Un tournage va avoir lieu cité Picasso, dans le Nord-Pas-de-Calais. Un réalisateur fait un « casting » pour choisir quatre adolescents pour jouer dans un film social au titre improbable, À pisser contre le vent du nord. Dans le quartier, tout le monde s’étonne : pourquoi n’avoir pris que « les pires » ?

En réalisant un film sur le tournage d’un film, mettant en vedette quatre adolescents d’une cité populaire à Boulogne-Sur-Mer, Les pires reprend le procédé de la mise en abyme, pour poser d’intéressantes questions, à la fois sur l’art et sur la société. Lise Akoka et Romane Gueret signent un premier long métrage étonnant, fort bien dirigé. Et elles posent un regard critique à la fois sur le pouvoir du cinéma et sur le « voyeurisme social » de notre époque de téléréalité visuelle.

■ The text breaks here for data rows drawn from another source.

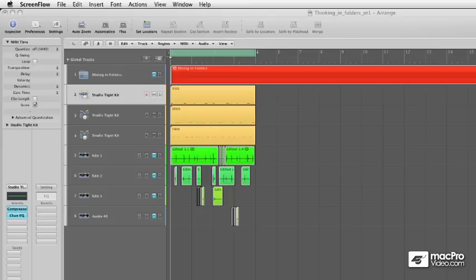All right, so how do we use these folders? How do we pack them, and what types are there? Well, there are two types of folders. There's take folders and regular folders.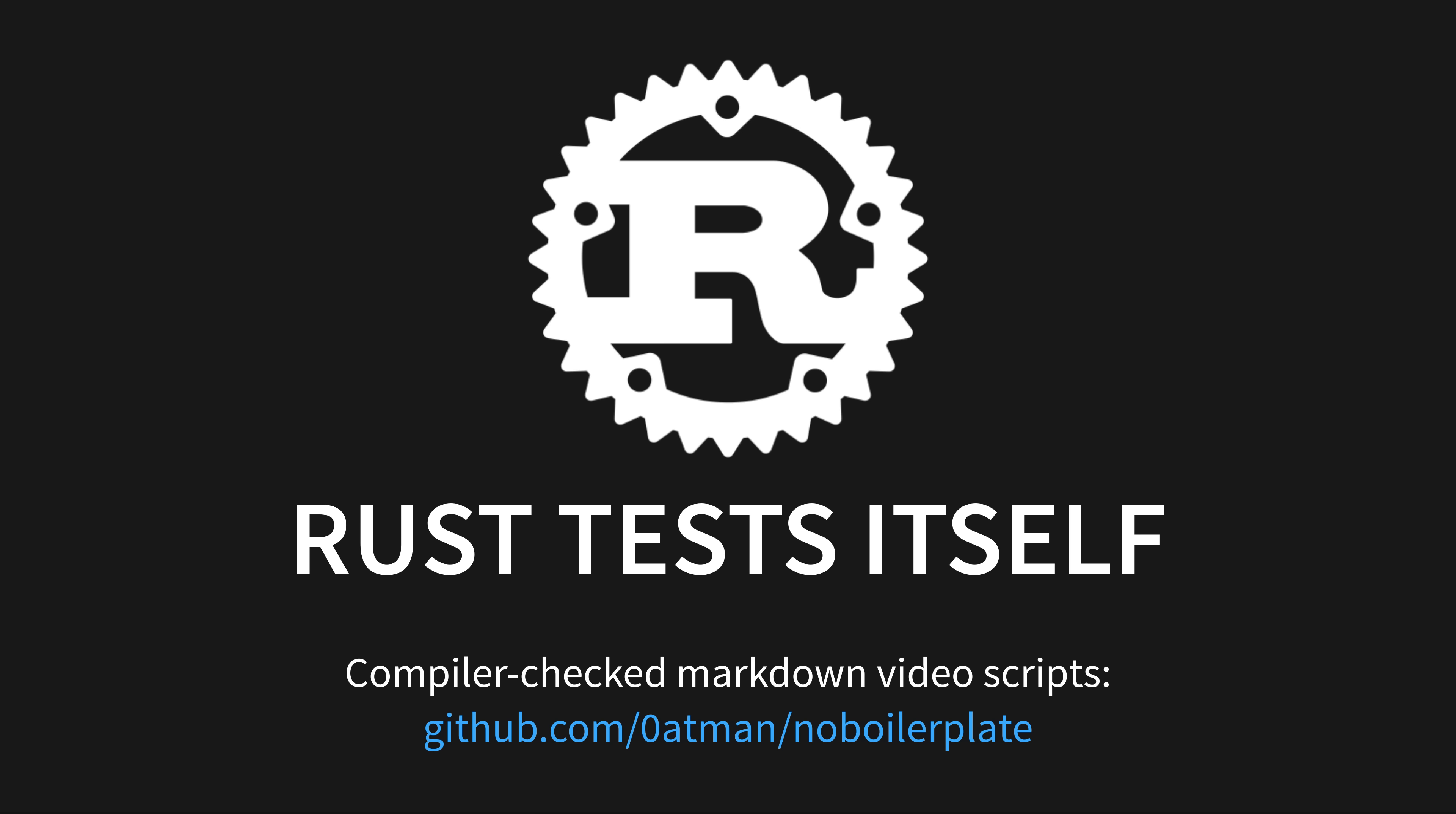Hi friends, my name is Tris, and this is No Boilerplate, focusing on fast, technical videos. Today we're going to talk about how to test Rust, and how this is different to testing in other popular languages.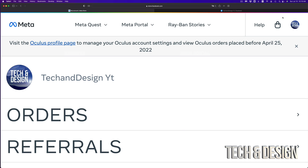If you click on it, it's going to take you to this page. Now yes, there's another way coming up to log in and create your Oculus account. However, this is right now what you should do.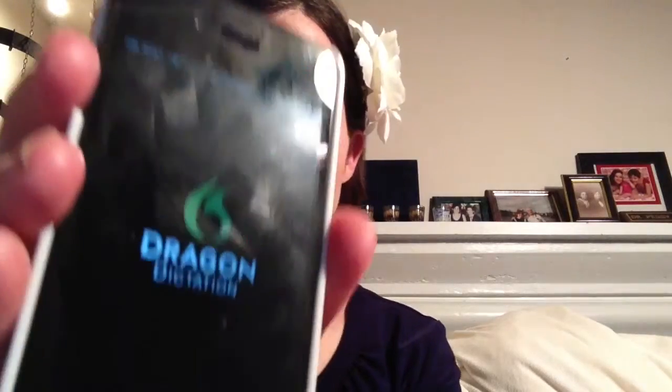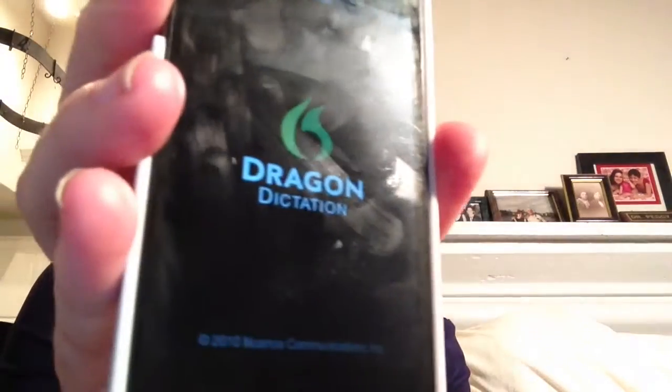The next item I want to share is Dragon Dictation. You can record your voice and it translates it into text. I tap it, record, and then it will create a little document — and it's pretty accurate.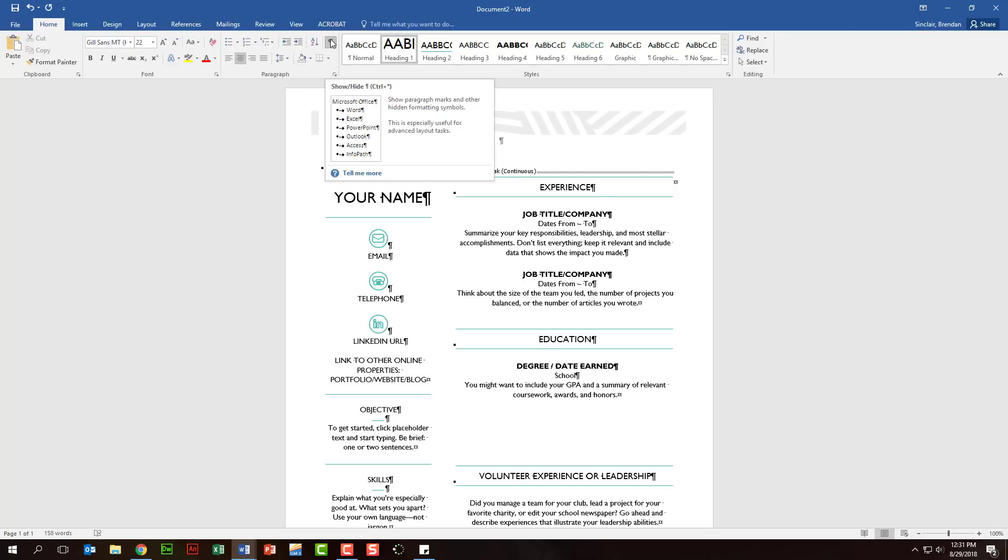Now, this shouldn't be confused with the ability to always have those displayed, regardless if you have this toggled or not. There's actually another way to always have these certain characters displayed. So don't get those too confused, but this might be a simple help for you as you're working through the project.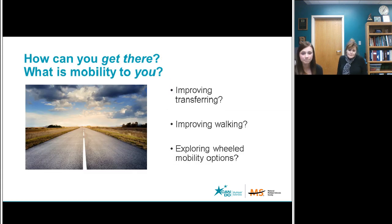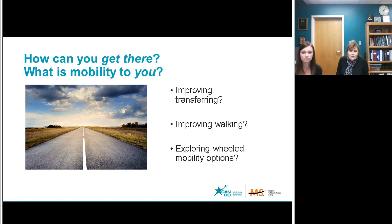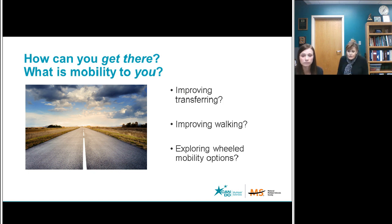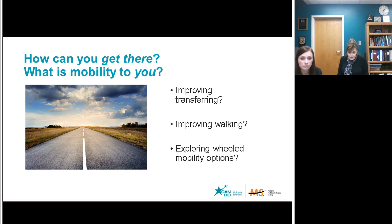What does mobility mean to you, and where do you want to go? Does it mean improving transfers to your wheelchair to go to the bathroom, or even moving better in bed, or getting into a car? Does it mean improving a five-mile walk to work, or correcting a foot drop to better get upstairs? Does it mean getting the energy to go to an exercise facility or to church? Or does it mean getting to your kids' and grandkids' football game? The goal is to get you on the road to where you want to go and what you want to do.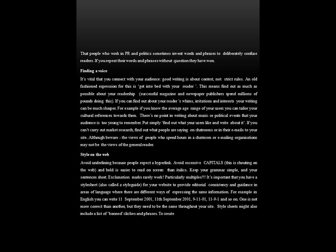Next is finding a voice. It is vital that you connect with your audience. Good writing is about context, not strict rules. An old-fashioned expression for this is 'get into bed with your reader' — meaning, find out as much as possible about your readership. Successful magazine and newspaper publishers spend millions of pounds doing this. If you can find out about your readers' whims, irritations and interests, your writing can be much sharper. For example, if you know the average age range of your users, you can tailor your cultural references towards them. There is no point in writing about music or political events that your audience is too young to remember.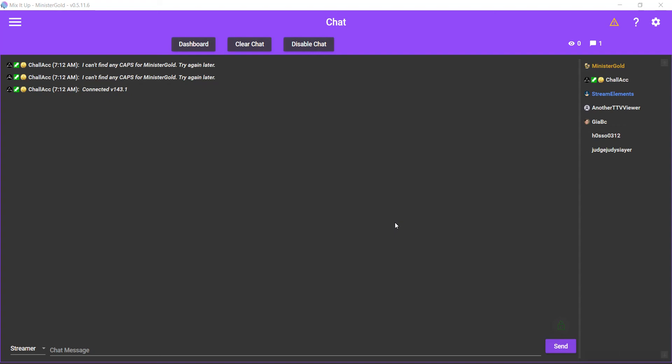Hey, what's going on? This is Minister Gold. I am a Kaizo and variety streamer on Twitch, and this is a Mix It Up tutorial. In this tutorial, we'll be talking about how to make a text-to-pirate speech channel reward. So the idea is a user types in text and that is converted to how a pirate would say it—not the accent, unfortunately, just the verbiage. Okay, so I'll show you how to do that.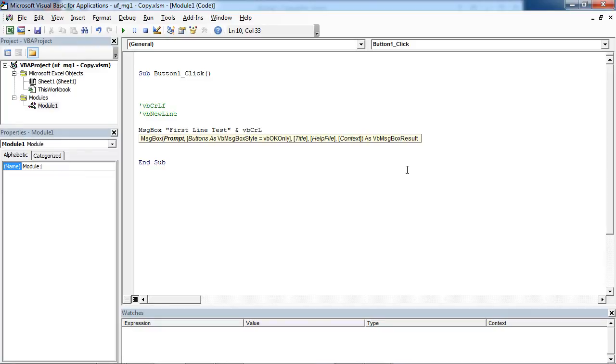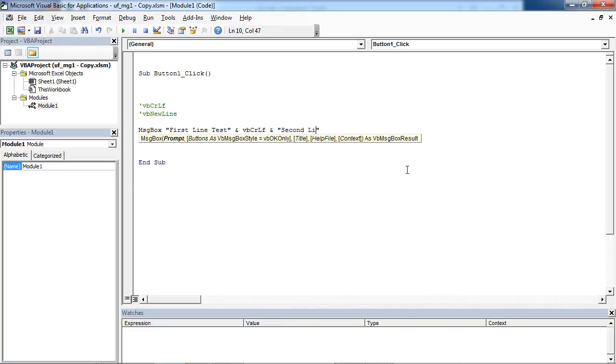We are going to use our first constant and SecondLineTest.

L’idée du film leur est venue alors qu’elles faisaient du « casting sauvage » avec des enfants pour un court métrage. Elles ont voulu aller plus loin, en interrogeant la légitimité de leur démarche.

PHOTO FOURNIE PAR LES FILMS VELVET

Scène du film Les pires

Multipistes

Le film multiplie les niveaux de lecture. Les pires est un croisement entre La nuit américaine, l’hommage inégalé à la magie du cinéma de Truffaut, et un film social de Bruno Dumont (ou des frères Dardenne). D’ailleurs, le film navigue entre ces deux genres, sans jamais choisir. Utilise-t-il les enfants vulnérables pour fabriquer une œuvre réaliste forte ? Ou pour mieux comprendre leur quotidien difficile ? La réponse n’est pas claire à nos yeux.

À l’ère des réseaux sociaux et autres téléréalités, l’idée de mettre en scène des acteurs non professionnels n’a rien de nouveau. Or ici, on est plus dans la nuance que dans l’épanchement. Les visages des adolescents sont cadrés en gros plans. Telles des toiles vierges sur lesquelles la caméra capte toutes les émotions primaires ou presque. La colère du petit Ryan, la tristesse de Maylis, la joie de Lily ; et la peur enfouie sous le masque du mépris de Jessy. Ils sont tous criants de vérité.

« J’aime pas ça quand des gens me regardent à la caméra, confie le petit Ryan, au début du tournage fort agité. J’ai l’impression que les gens se moquent de moi. » « Tu dois faire confiance en ce que tu ressens », lui répond le réalisateur flamand du faux film (Johan Heldenberg).

Dans Les pires, on doit faire confiance aux images chargées d’émotions. Il y a autant de sourires que de larmes, de violence que de tendresse. Mais surtout un grand amour pour la vérité du cœur. On comprend pourquoi ce long métrage a conquis le public en France et a reçu le prix Un certain regard, au Festival de Cannes, en mai dernier.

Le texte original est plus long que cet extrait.